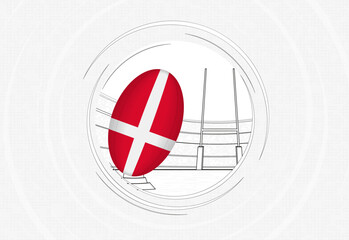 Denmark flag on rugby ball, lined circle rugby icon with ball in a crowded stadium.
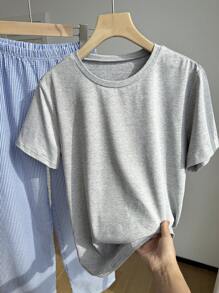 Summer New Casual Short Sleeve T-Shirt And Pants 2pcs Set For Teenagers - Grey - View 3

------------------------

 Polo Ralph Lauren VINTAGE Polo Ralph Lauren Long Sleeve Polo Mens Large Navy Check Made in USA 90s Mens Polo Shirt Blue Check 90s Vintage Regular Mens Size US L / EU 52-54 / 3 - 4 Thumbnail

------------------------

• [What this task involves]: Return exactly the part of the listing above that opens with the line containing "Denmark flag on" and closes with the line containing "Summer New Casual". Pictures stay out.

• [Reply]:
 Denmark flag on rugby ball, lined circle rugby icon with ball in a crowded stadium.
 Summer New Casual Short Sleeve T-Shirt And Pants 2pcs Set For Teenagers - Grey - View 3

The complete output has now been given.